TASK INSTRUCTIONS. Apart from the pictures, the listing is to be returned exactly.

DATA EXTRACT.
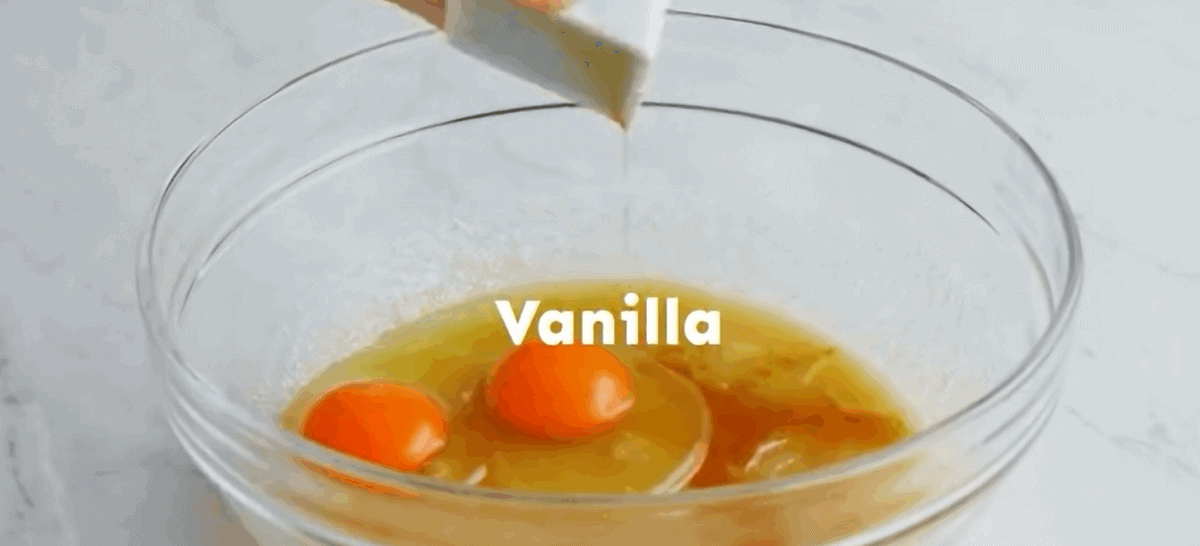 Adding eggs and vanilla to the sugar mixture.
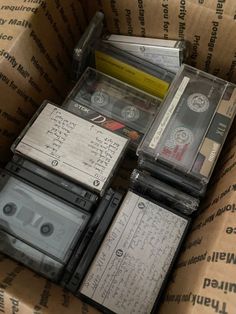 several cassettes are stacked on top of each other in a cardboard box with writing on them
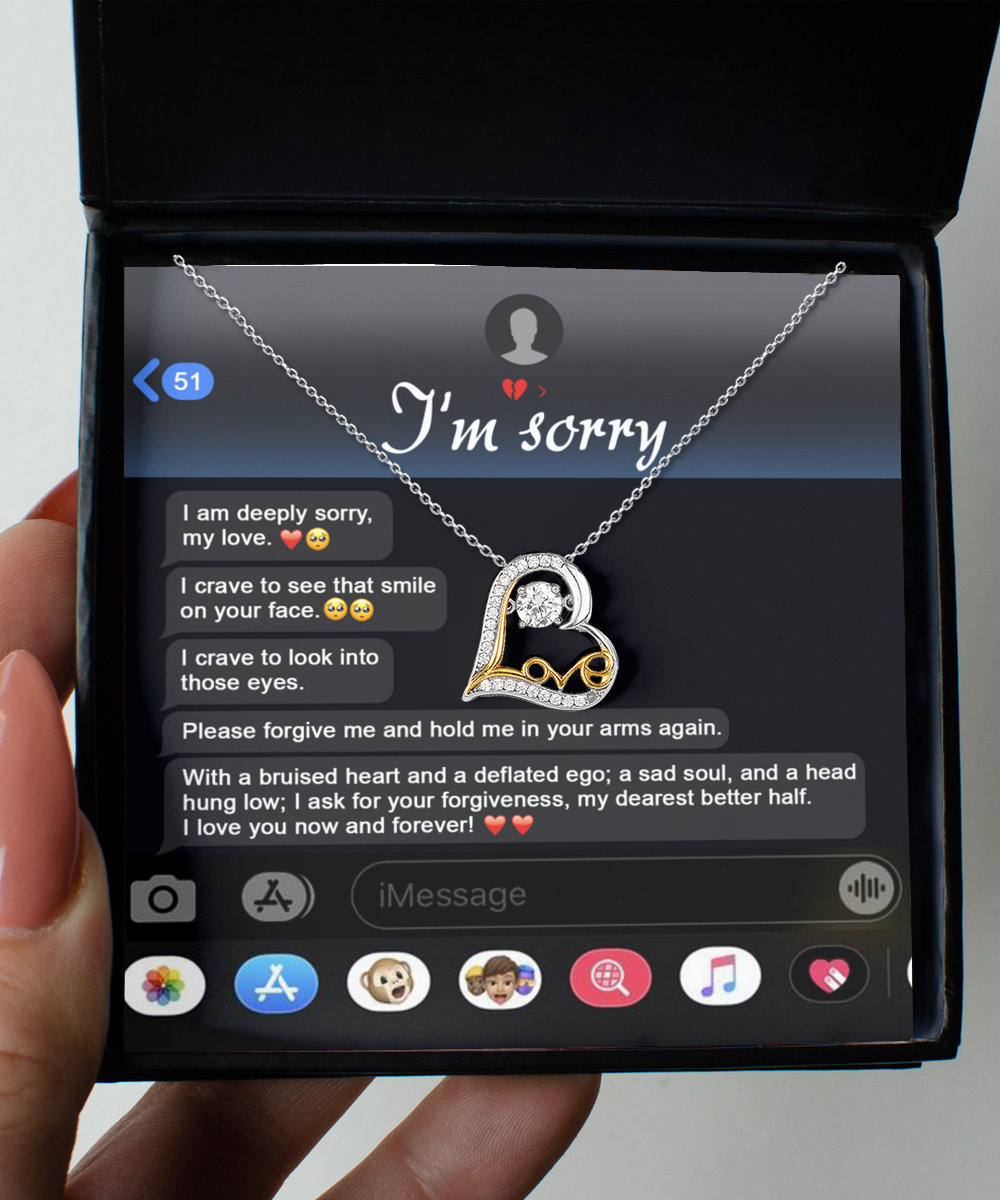 A Sorry-Rebuild Our Connection - Love Dancing Necklace, featuring a heart-shaped pendant crafted from silver and 14k gold, is placed inside a jewelry box. The background displays a message on a phone screen saying "I'm sorry" and a heartfelt apology.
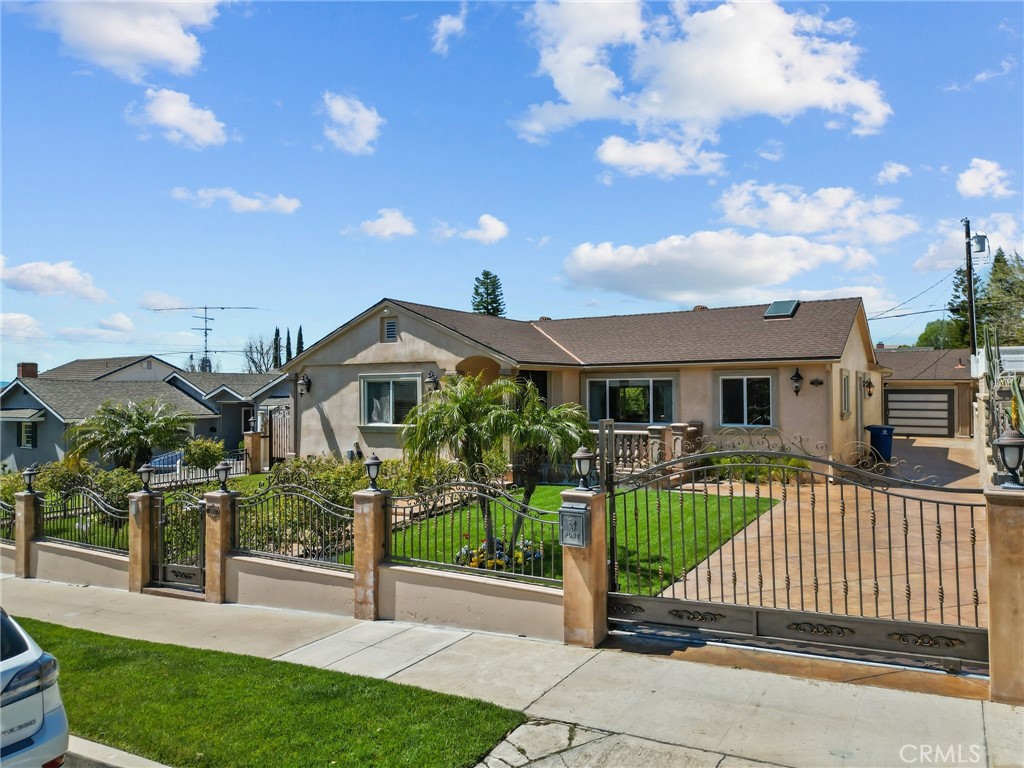 931 University Avenue Burbank, CA 91504 - Photo 1 of 49 a front view of a house with a garden and deck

TASK OUTPUT.
 Adding eggs and vanilla to the sugar mixture.
 several cassettes are stacked on top of each other in a cardboard box with writing on them
 A Sorry-Rebuild Our Connection - Love Dancing Necklace, featuring a heart-shaped pendant crafted from silver and 14k gold, is placed inside a jewelry box. The background displays a message on a phone screen saying "I'm sorry" and a heartfelt apology.
 931 University Avenue Burbank, CA 91504 - Photo 1 of 49 a front view of a house with a garden and deck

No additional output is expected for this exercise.